Why is there a designated survivor?
The Presidential Succession Act of 1947 created a line of succession if the president dies or is incapacitated: first to take office would be the vice president, followed by the speaker of the U.S. House, the president pro tempore of the U.S. Senate, the secretary of State, the secretary of the Treasury, the secretary of Defense, and so on.
But during big events like State of the Union addresses and presidential inaugurations, all of the country’s top politicians are gathered in one place: the president, the vice president, members of the Cabinet and almost the entire Congress -- and all of the people in the presidential line of succession -- are in the audience.

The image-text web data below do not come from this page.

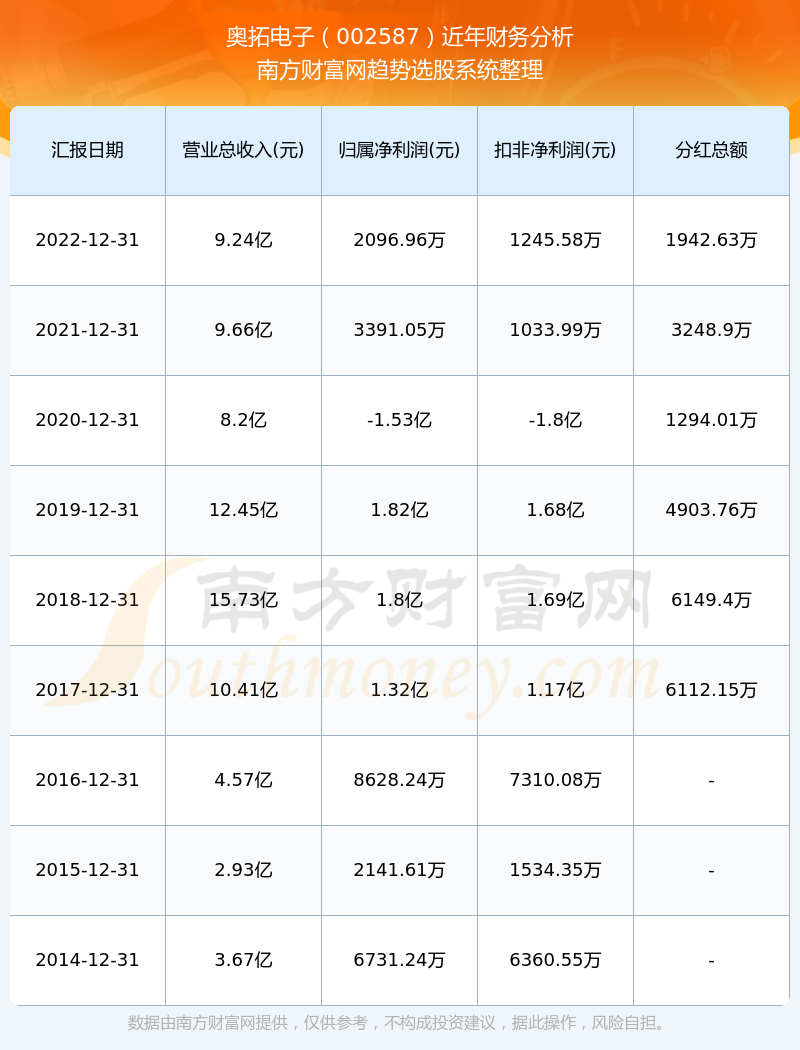 奧拓電子股票行情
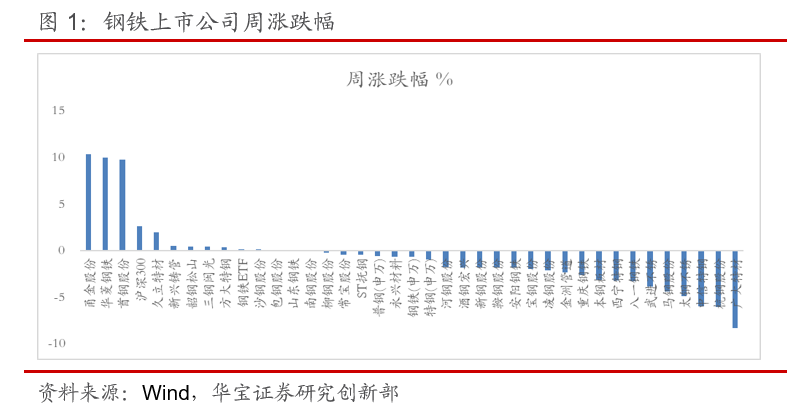 制造业PMI订单环比改善，冷轧板盈利大幅提升——钢铁行业周报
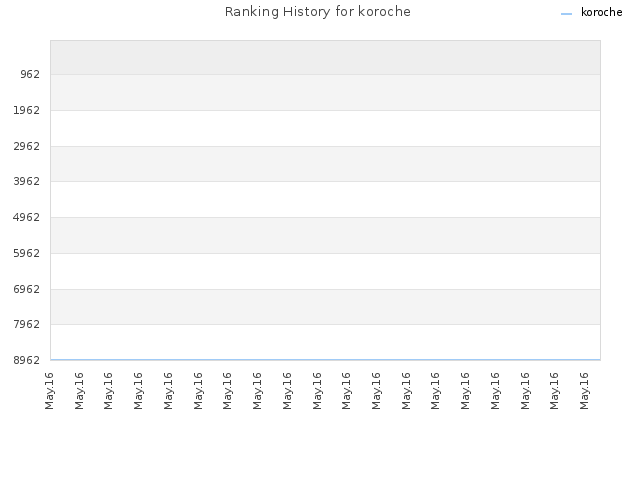 Ranking History for koroche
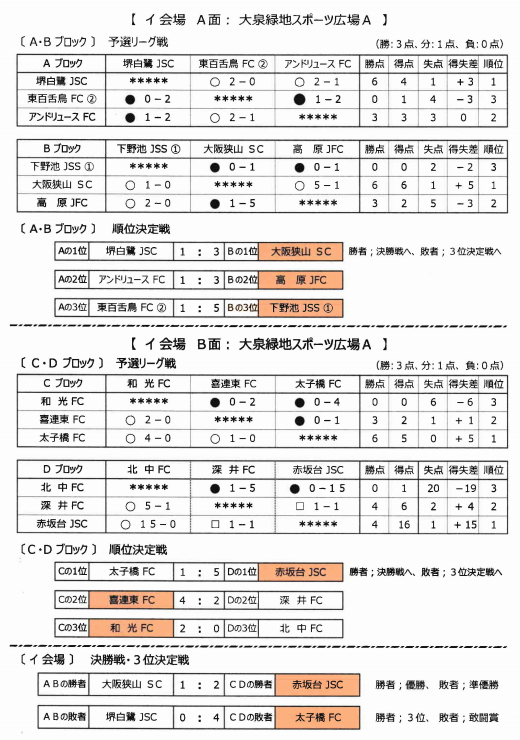 年度 第37回堺フレンドリーマッチ少年サッカー大会 大阪 優勝は赤坂台jsc アイリスfc住吉 柏原市ssc ジュニアサッカーnews 年度 第37回堺フレンドリーマッチ少年サッカー大会 大阪 優勝は赤坂台jsc アイリスfc住吉 柏原市ssc ジュニアサッカーnews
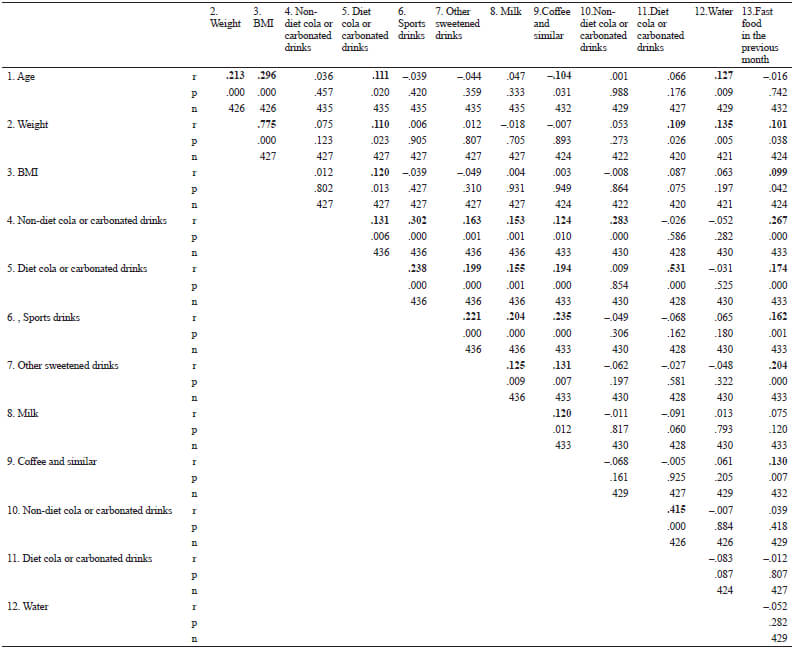 Table 2. Spearman rho: non-parametric correlations.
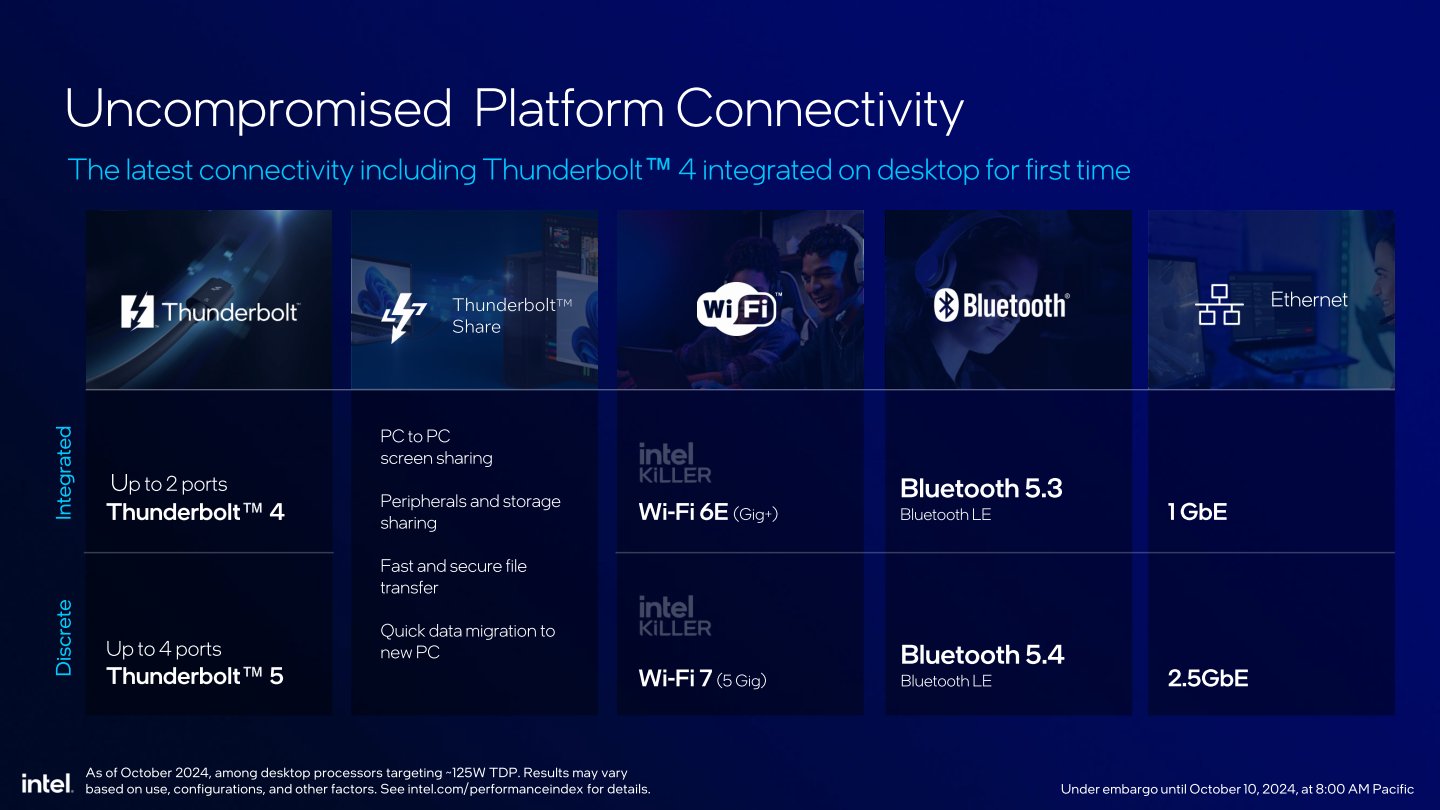 處理器也整合Thunderbolt 4、GeE乙太網路、Wi-Fi 6E、藍牙5.3等功能，並可透過外掛晶片擴充。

In the event of a major attack on the Capitol during one of these events, the designated survivor is selected among the Cabinet members who are somewhere in the presidential line of succession. He or she would be the one official to maintain continuity of the current government should there be a catastrophic attack.
Who chooses the designated survivor?
The president and his staff choose the designated survivor. They can choose anyone in the line of succession -- assuming that person is eligible to be president, meaning they must be at least 35 years old and a natural-born U.S. citizen. (During the Clinton administration, for example, Czechoslovakia-born Secretary of State Madeleine Albright would have been ineligible to be the designated survivor.)
When did the practice start?
According to the Senate Historical Office, the practice began in the 1960s or potentially earlier -- thought to coincide with the Cold War era, when the threat of nuclear attacks began. However, the identity of the designated survivor was often not made public until the 1980s. The Senate Historical Office has a list of every State of the Union’s designated survivor since former President Ronald Reagan’s 1984 address (Housing and Urban Development Secretary Samuel R. Pierce Jr.)
Since 2003, one member of each house of Congress has also not attended the speech in order to also preserve legislative succession in the event of an attack.
What’s known about where and when they go?
There’s very little information publicly available on the subject of where the designated survivor goes and exactly when they leave -- and purposely so, since they could also be a target in the event of a large-scale attack on the U.S.
What is known is this: the designated survivor gets presidential-level security from the U.S. Secret Service, and is taken to an undisclosed secure facility outside of Washington. A military aide accompanies them carrying the “nuclear football,” or the briefcase containing the country’s nuclear war codes. The designated survivor is not briefed on what to do if something actually happened to the president.
Who else has served as a designated survivor?
In January, then-Homeland Security Secretary Jeh Johnson served as the designated survivor during Mr. Trump’s inauguration. Since an incoming president can’t formally have his Cabinet confirmed and installed until he has been sworn in, the Inauguration Day designated survivors come from the outgoing president’s cabinet. Then-Defense Secretary Robert Gates, who was originally nominated to the post under former President George W. Bush but stayed on under President Obama, was the designated survivor during Obama’s inauguration in 2009.
During the Obama administration, designated survivors included Transportation Secretary Anthony Foxx (in 2015), Agriculture Secretary Tom Vilsack (in 2012) and Attorney General Eric Holder (during the 2009 joint session address). And during the Bush administration, Attorney General John Ashcroft (in 2003), Secretary of Commerce Donald Evans (in 2004 and 2005) and Attorney General Alberto Gonzales (in 2007) served as designated survivors.